The Return of Horse Racing

the return of horse racing main

For jockeys, bookies and punters alike, it’s been a long three months. Pretty much since the Cheltenham Festival closed its doors following Al Boum Photo’s second consecutive Gold Cup, lovers of horse racing have had to endure an unprecedented absence of action.

But, shortly after 1pm on June 1st, the Roger Fell-trained Zodiakos beat stablemate Al Ozzdi by a neck in Newcastle. It marked the return of professional horse racing to UK shores – albeit in a very different competitive environment.

Fields were limited to 12 runners, jockeys were wearing masks and, of course, few people were allowed inside the racecourse. But here at least were the green shoots of recovery – and with bookmakers reporting a 50% upsurge in bets, it’s easy to see why there’s plenty of scope for the sport to find ways to survive – and maybe even thrive. A remarkable 5 million people watched the virtual Grand National back in April.

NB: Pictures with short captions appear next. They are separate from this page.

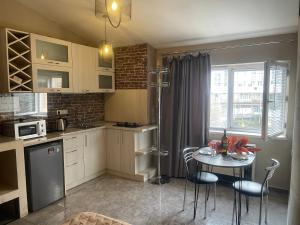 una cocina con mesa y sillas y una ventana en Apartment tbilisi central, en Tiflis 18 fotos más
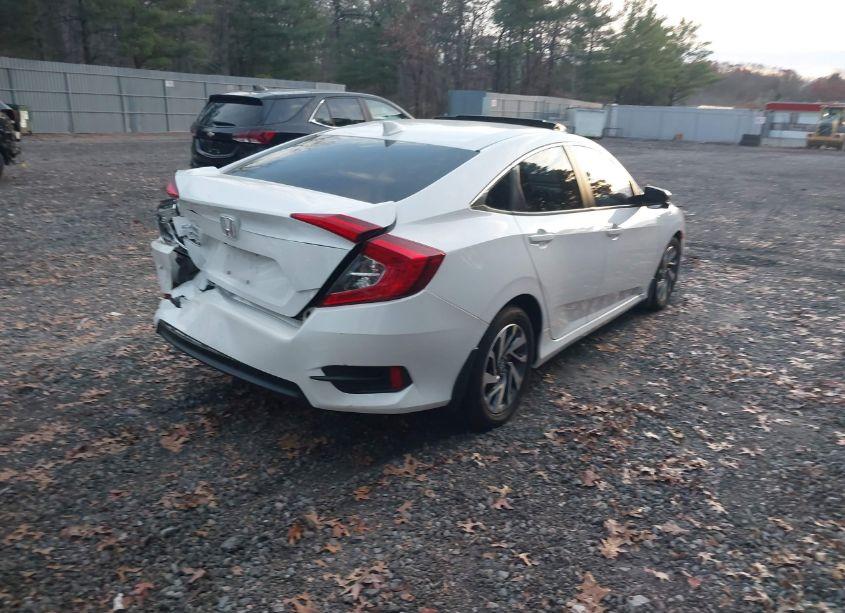 Photo 4 of 2018 Honda Civic EX (VIN 2HGFC2F77JH512399)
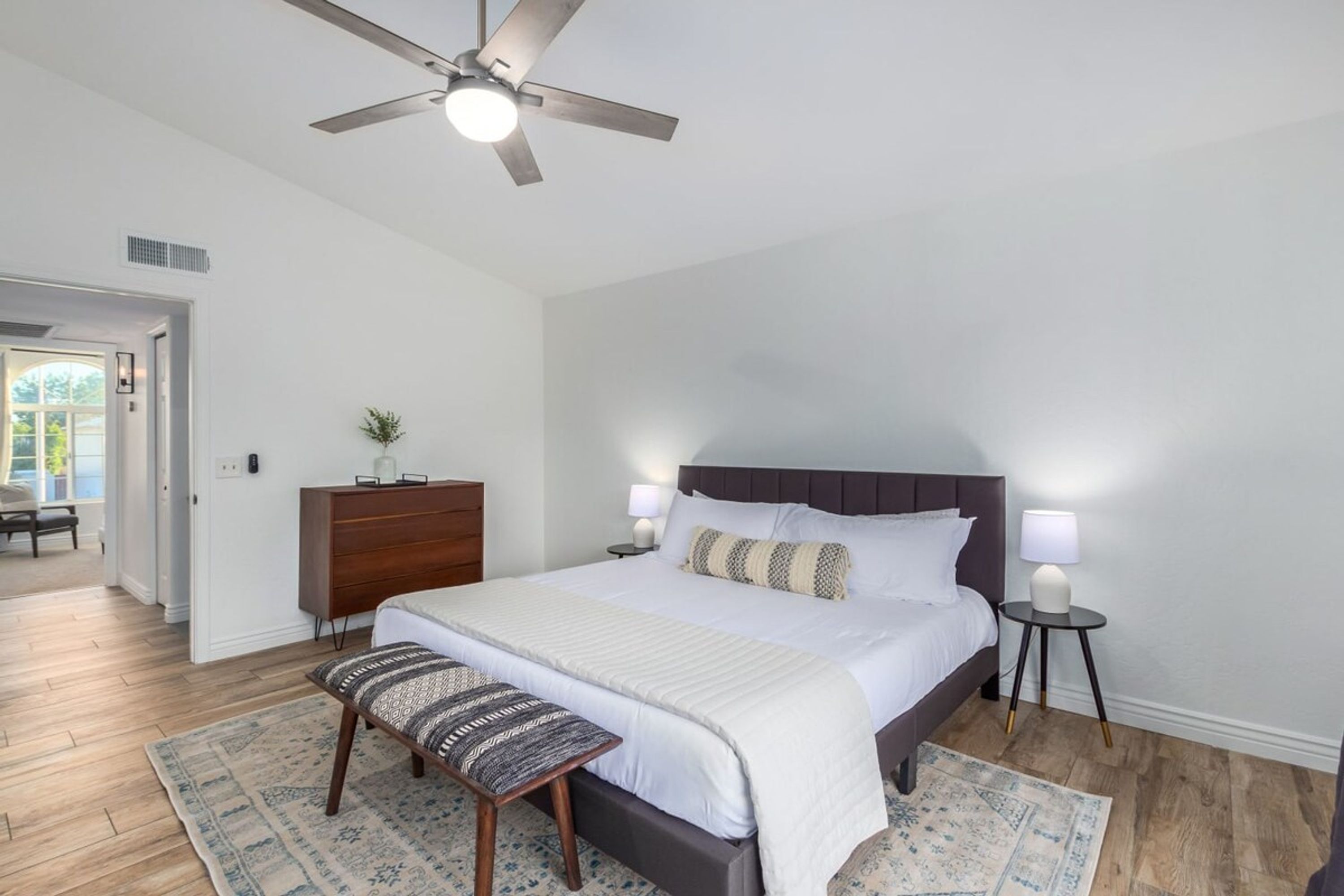 A bedroom with a large bed, a ceiling fan, a nightstand, a dresser, and a bench.
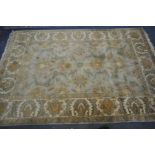 A G H FRITH WOLLEN INDU ZEIGLER GREEN AND CREAM RUG, 272cm x 183cm (condition:-some minor staining)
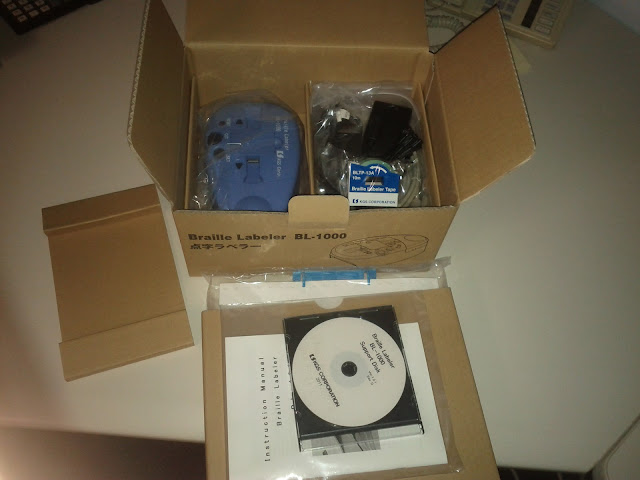 Now upon the same off-white desk, the small brown box is open and inside is a blue oval object which is the Braille Labeler, some black wires and white Braille tape, extra brown cardboard, a cd to install the program for the labeler with a white label on it, an instruction manual with a white cover and another instruction manual sticking out of another brown box that was inside the first box and contains the manual in Braille and has a blue plastic binding.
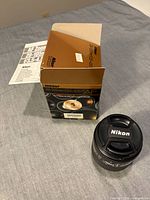 Lens with retail box and leaflet, cap nearby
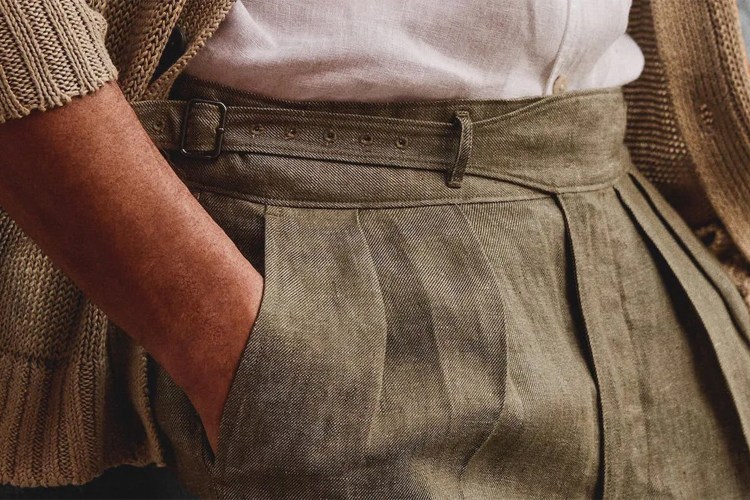 A close-up of a man's linen pants with his hand in his pocket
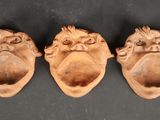 trois têtes de singes sculptées sur un fond noir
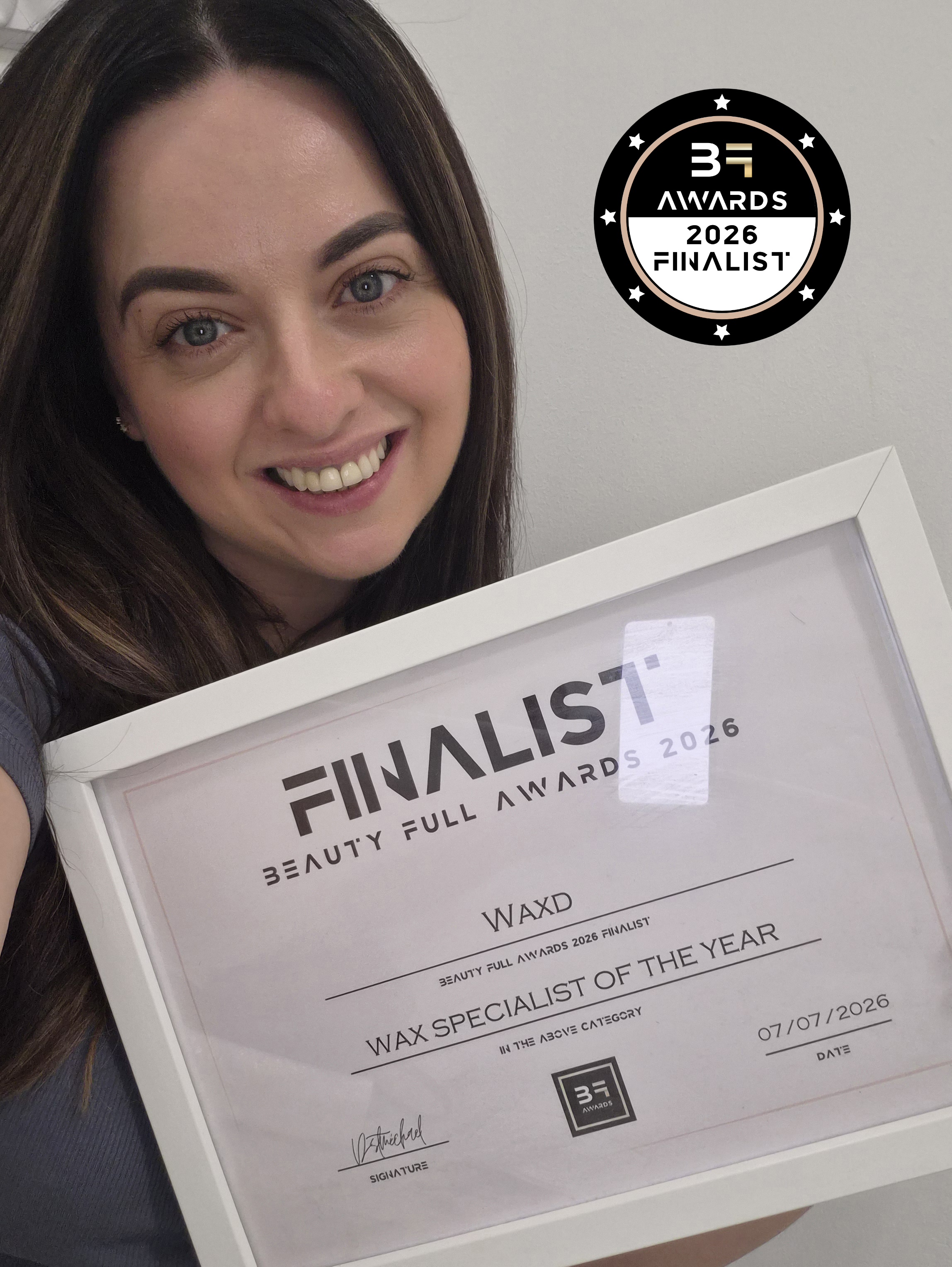 Waxd founder holding Beauty Full Awards certificate for Wax Specialist of the Year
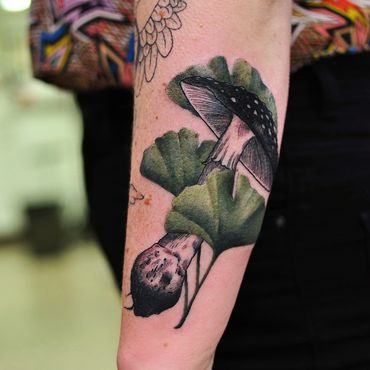 Mushroom tattoo with green 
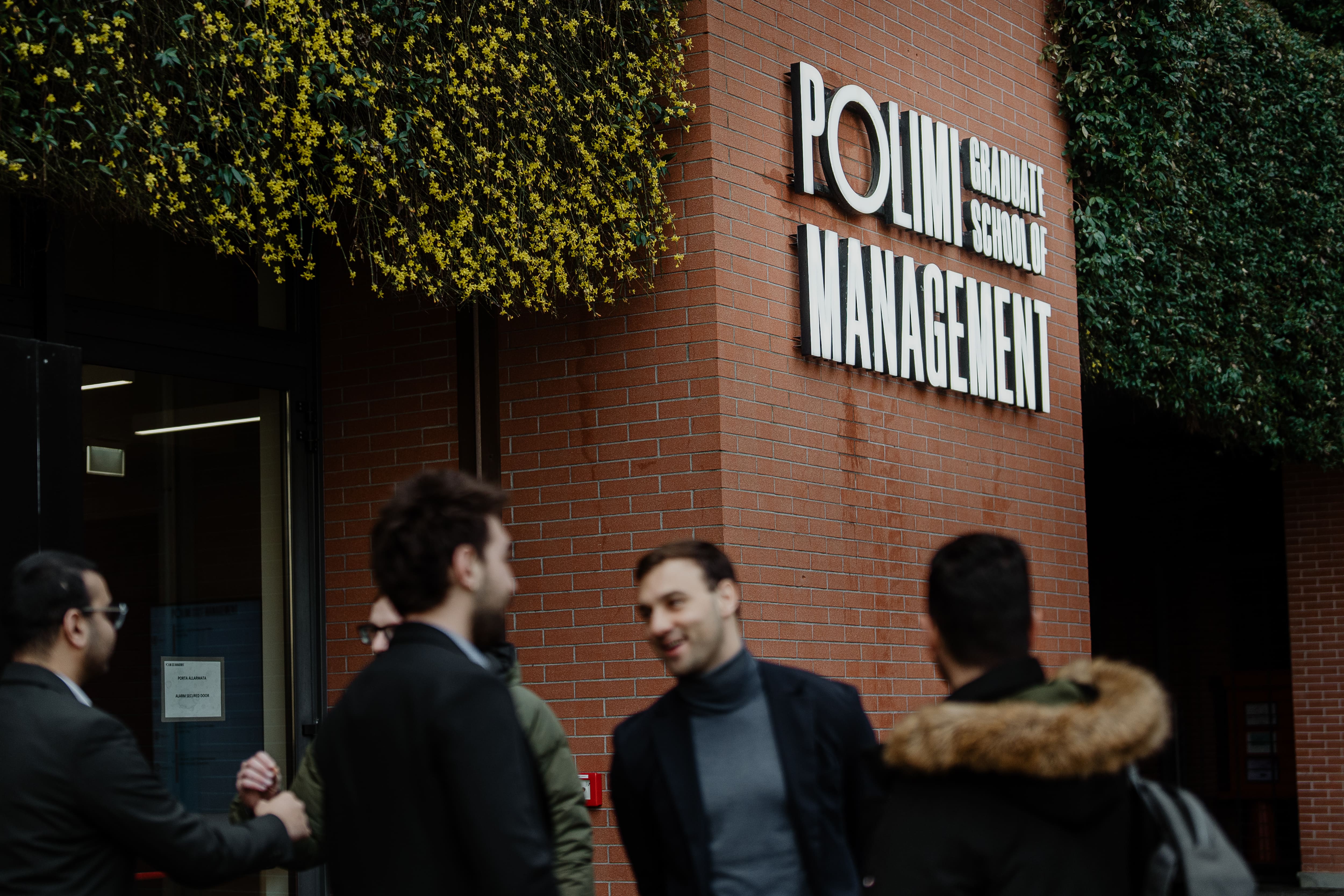 Group of young men greeting each other outside the Polimi Graduate School of Management building with brick walls and greenery.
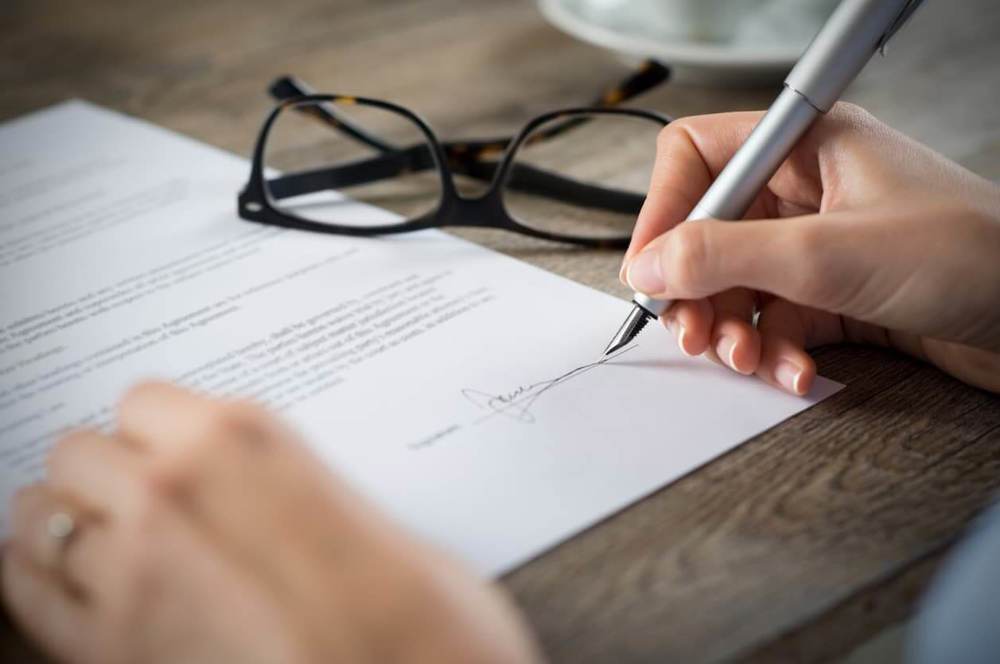 Person signing document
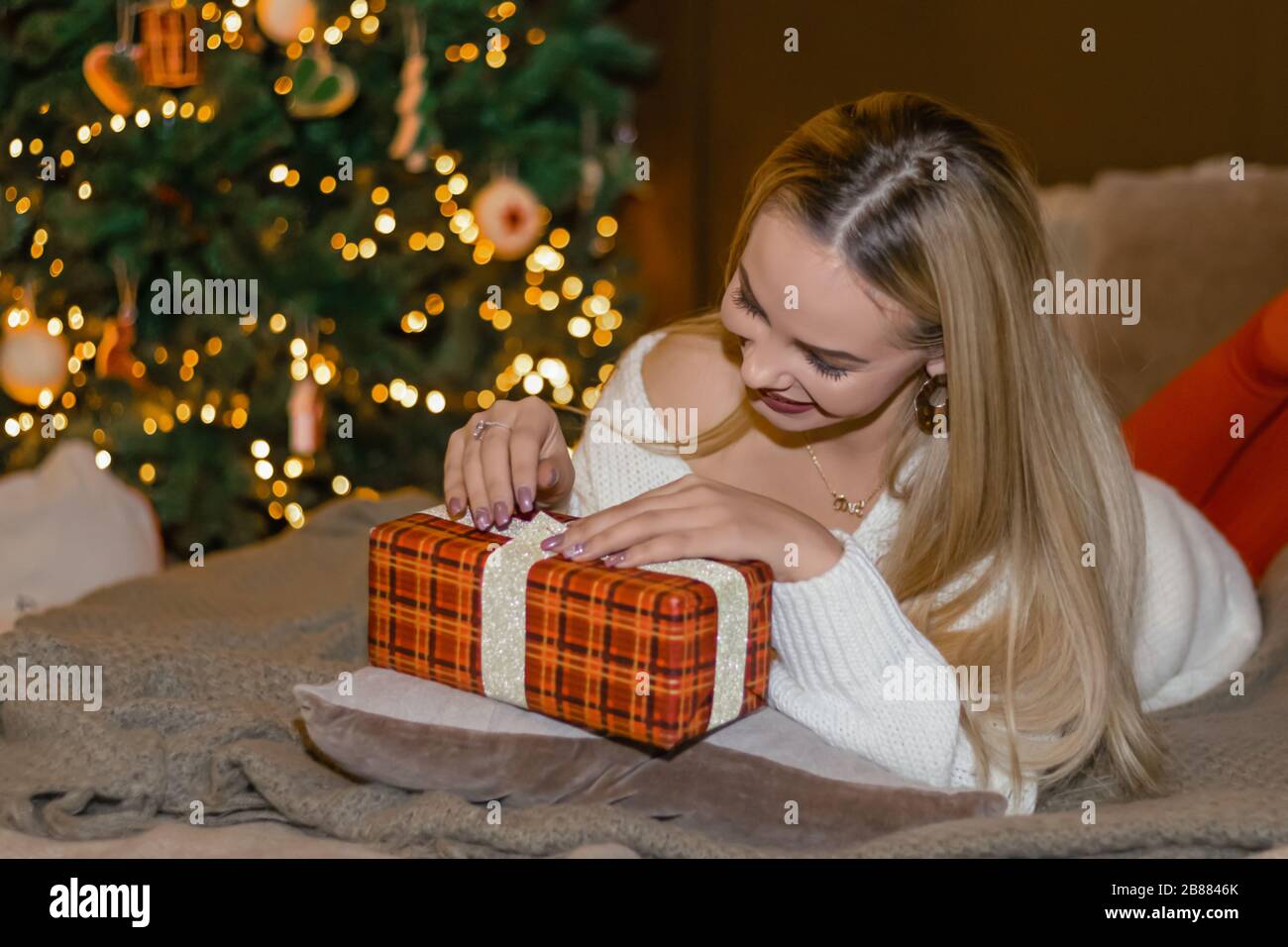 happy girl opening Christmas presents at home photo Stock Photo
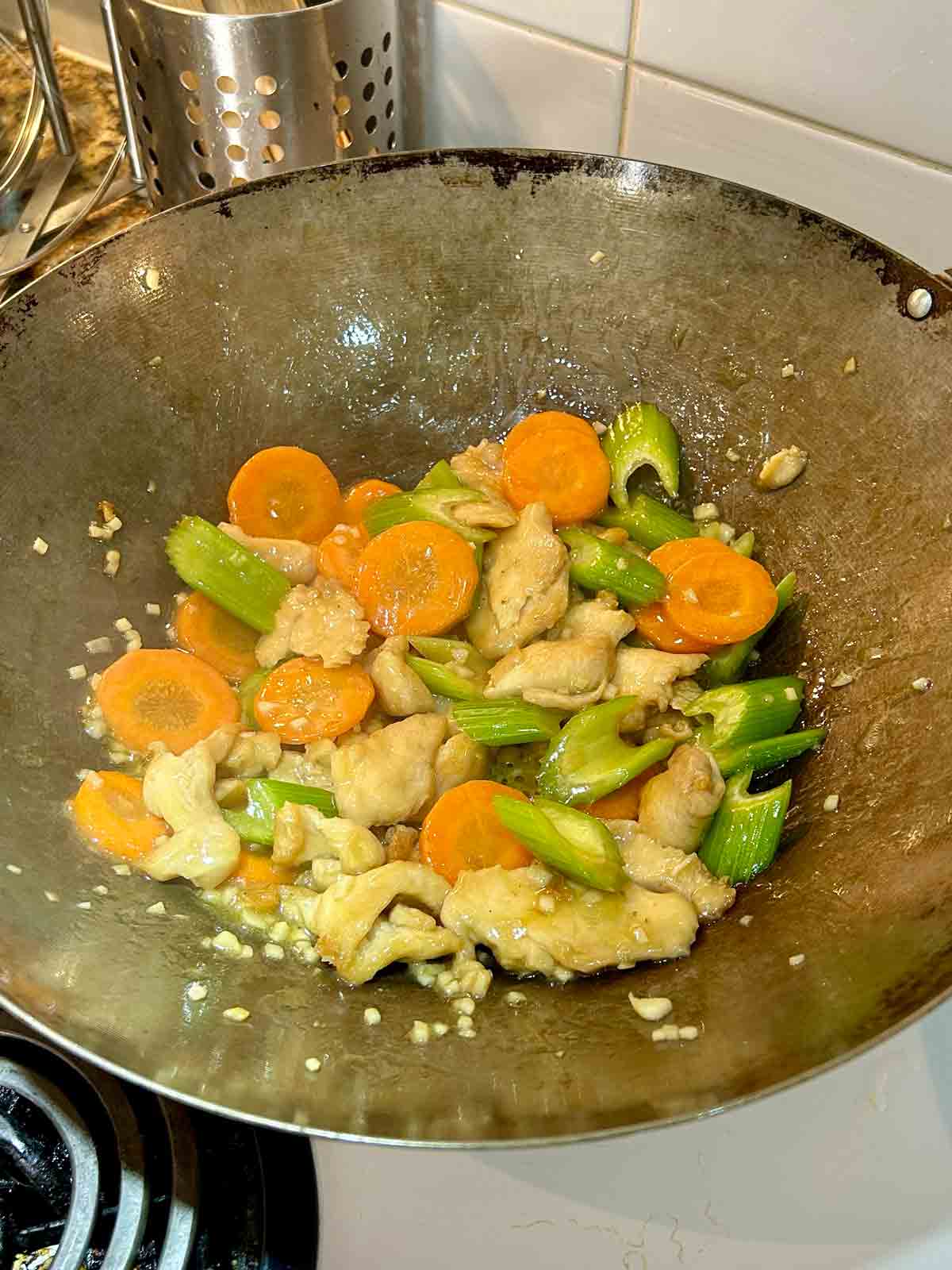 chicken and mixed vegetables cooking with sauce in wok.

Cards at Kempton, Yarmouth and Newmarket are set to follow before the first Classic of the year arrives quickly, in the shape of the 2,000 Guineas. Quite how such a prestigious race will fare under the new conditions is difficult to say, but the Newmarket Classic will surely set the tone for the immediate future of horse racing and betting in the UK.

But what of the future? A reshaping of the industry seems inevitable although some optimists prefer to see this as an opportunity for the betterment of the sport, with smaller fields but bigger cards offering financial benefits to owners and racecourses, as well as more excitement for punters.

the return of horse racing racecourse

“Get their racing fix”

TV will inevitably have a big part to play – although that in itself is controversial with ITV currently demanding a £1.5m reduction in the amount it owes for TV rights after the cancellation of the Grand National.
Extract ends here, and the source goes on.